Whether this was one of Poe's hoaxes or someone else embellished Poe's biography isn't clear (to me at least), but references to Poe's adventures in Greece and Russia have been recorded in several biographies and newspaper articles such as Poe's obituary in the Richmond Semi-Weekly Examiner.
French poet Charles Baudelaire, who greatly admired Poe's work and translated it into French, included this yarn of Poe's adventurous world travels in his biographical notes on Poe:
"Some unfortunate gaming debts led to a temporary coolness on the part of his adopted father, and Edgar — a very curious fact, and one proving, say what they will, a strong dose of chivalry in his impressionable brain — conceived the project of aiding the Greeks in their struggle against the tyranny of the Turks."
"What became of him in the East, what he did there, whether he ever really had a chance of studying the classic borders of the Mediterranean, why he was found at St. Petersburg, without a passport, and, politically comprised, compelled to appeal to the American ambassador to escape the penalty of the Russian laws, and for aid to return home — all this is still a mystery: we know nothing of it: this is a void which he alone could have filled up. Edgar Poe’s life, his youth, his adventures in Russia, and his correspondence have for long been announced in the American journals, but have not yet appeared."
Perhaps these were stories Poe intended to write one day, in a similar arena to "The Unparalleled Adventure of One Hans Pfaall", "A Descent into the Maelström", or "The Gold Bug", or a hoax, the type of misleading yarn of which he was so fond.

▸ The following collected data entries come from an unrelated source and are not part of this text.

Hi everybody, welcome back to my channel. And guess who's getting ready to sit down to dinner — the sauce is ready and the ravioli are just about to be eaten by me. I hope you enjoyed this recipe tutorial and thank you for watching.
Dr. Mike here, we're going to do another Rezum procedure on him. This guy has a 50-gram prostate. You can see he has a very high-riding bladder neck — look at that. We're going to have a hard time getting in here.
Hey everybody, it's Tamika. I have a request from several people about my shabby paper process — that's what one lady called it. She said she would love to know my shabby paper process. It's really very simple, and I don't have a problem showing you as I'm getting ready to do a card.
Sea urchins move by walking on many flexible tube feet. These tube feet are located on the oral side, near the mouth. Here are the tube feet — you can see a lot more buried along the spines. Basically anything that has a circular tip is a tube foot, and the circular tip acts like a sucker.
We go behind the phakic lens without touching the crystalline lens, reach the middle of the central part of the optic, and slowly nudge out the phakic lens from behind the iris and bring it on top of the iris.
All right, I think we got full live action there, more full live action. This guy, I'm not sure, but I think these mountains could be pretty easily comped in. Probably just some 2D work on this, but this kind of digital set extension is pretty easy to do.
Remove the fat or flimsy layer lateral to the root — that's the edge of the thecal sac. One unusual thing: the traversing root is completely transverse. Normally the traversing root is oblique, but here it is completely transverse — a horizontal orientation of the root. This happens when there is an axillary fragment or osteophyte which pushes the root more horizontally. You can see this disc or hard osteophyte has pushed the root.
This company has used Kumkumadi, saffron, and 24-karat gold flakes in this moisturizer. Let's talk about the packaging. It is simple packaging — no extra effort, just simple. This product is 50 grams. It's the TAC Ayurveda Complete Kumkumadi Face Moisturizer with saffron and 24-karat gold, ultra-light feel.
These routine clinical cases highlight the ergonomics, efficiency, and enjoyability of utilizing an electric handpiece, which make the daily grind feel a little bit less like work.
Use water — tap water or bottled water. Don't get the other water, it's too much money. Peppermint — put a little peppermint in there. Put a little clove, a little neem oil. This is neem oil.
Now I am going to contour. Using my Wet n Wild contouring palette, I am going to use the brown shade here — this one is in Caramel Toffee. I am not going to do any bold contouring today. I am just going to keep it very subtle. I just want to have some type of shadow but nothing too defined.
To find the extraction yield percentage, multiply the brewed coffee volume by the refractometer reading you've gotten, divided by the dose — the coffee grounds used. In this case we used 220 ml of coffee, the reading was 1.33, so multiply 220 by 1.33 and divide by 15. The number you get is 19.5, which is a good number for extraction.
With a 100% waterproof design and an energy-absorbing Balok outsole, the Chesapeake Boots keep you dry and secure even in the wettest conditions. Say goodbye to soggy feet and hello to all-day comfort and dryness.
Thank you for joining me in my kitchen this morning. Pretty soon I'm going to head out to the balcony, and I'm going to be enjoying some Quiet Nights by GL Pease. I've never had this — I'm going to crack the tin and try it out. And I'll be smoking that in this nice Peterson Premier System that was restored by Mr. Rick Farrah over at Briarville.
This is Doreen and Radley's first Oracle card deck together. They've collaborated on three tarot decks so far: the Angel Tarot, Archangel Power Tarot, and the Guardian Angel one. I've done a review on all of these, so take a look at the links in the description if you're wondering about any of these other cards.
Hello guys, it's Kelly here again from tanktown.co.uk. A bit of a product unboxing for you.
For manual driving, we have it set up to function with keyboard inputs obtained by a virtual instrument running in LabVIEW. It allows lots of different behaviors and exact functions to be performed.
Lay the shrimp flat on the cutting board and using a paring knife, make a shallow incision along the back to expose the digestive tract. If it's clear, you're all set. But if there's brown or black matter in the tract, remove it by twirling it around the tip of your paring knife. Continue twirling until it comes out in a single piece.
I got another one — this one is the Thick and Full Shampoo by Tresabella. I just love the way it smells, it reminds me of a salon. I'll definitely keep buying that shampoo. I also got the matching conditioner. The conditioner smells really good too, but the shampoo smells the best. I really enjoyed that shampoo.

Certainly Poe admired tales of adventure, exploration, and antiquities. John L. Stephens wrote several books beginning with the title “Incidents of Travel ... ”, which were incredible hits when first published.
According to a letter reproduced on www.eapoe.org, Poe asked Rufus Griswold "if you can let me take a peep at Stephens’ “Yucatan”, if you have it." Poe favourably reviewed Incidents of Travel in Egypt, Arabia, and the Holy Land (1837) in the New York Review, October 1837, and Incidents of Travel in Central America, Chiapas, and Yucatan (1841) in Graham’s Magazine, August 1841, noting:
“The work is certainly a magnificent one— perhaps the most interesting book of travel ever published" -- high praise from the tough critic, and a quote still used to advertise the merit of the work, which is still available.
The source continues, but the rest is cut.